In January 2019, Senator Markey and Congresswoman Carolyn Maloney co-authored the Gun Violence Prevention Research Act, legislation to fund research at the Centers for Disease Control and Prevention (CDC) on firearms safety and gun violence prevention. The legislation has been endorsed by a number of gun safety groups and health organizations.
“For too long the CDC has been prevented from studying the root causes of gun violence through legislation and lack of funding,” said John Rosenthal, founder of Stop Handgun Violence. “This funding is an essential next step in ending an epidemic that takes 100 lives per day and wounds over 200 others. While state and local governments play an important role in ending gun violence, without the support, research and resources of the federal government focused on the problem, we are unlikely to solve it.”
"Young people, survivors, and activists worked hard to secure this historic funding for the CDC and NIH,” said Eve Levenson, policy and government affairs manager at March for Our Lives. "But the fight is nowhere near over. We look to the new Congress and a new administration to join us in support of evidence-based solutions for our future. We thank all of those who worked to secure this funding, and hope we can continue to amplify the voices of young people who have experienced senseless and preventable tragedy."
“This appropriations package proves that last year’s historic Congressional funding for gun violence research wasn’t a flash in the pan, but a sustained commitment from Congress to address gun violence in America,” said Everytown for Gun Safety President John Feinblatt. “We applaud Senator Markey for his leadership to ensure that this crucial research continues — especially during a pandemic that has made the gun violence crisis worse.”

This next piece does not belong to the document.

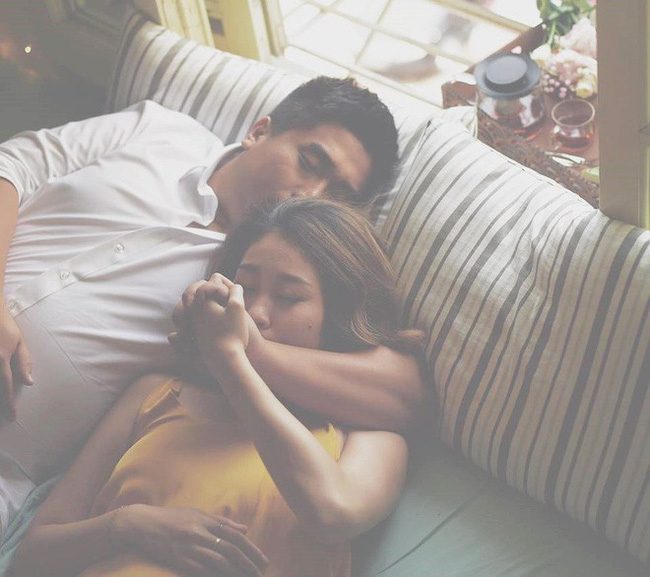 Ngày thanh minh, nghẹn ngào đọc thư tay vợ trẻ gửi chồng quá cố sau 2 năm anh qua đời: Em và con vẫn mãi thương anh!-4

"Americans have faced dueling public health crises this year, as a record number of Americans have died of gun violence even amidst the on-going coronavirus pandemic," said Brady President Kris Brown. "The inclusion of this funding for research into gun violence to find evidence-based solutions is a vital step towards stopping this epidemic and saving lives. Brady applauds Senator Markey's continued leadership for this funding for needed research."
“Communities have faced overwhelming strain this year battling a novel viral pandemic and a familiar epidemic of gun violence,” said Giffords Federal Affairs Manager Katherine Phillips. A vaccine breakthrough has brought hope for tackling one of these challenges, but that will not stop gun violence. Solving this crisis requires a commitment to science, data, and evidence, and this bill recognizes that. The bill builds on the landmark decision last year to restart federal research into gun violence so we can truly understand the problem we’re trying to solve. As we head into a new year led by a new president, I’m optimistic that this dedication to saving lives will continue.”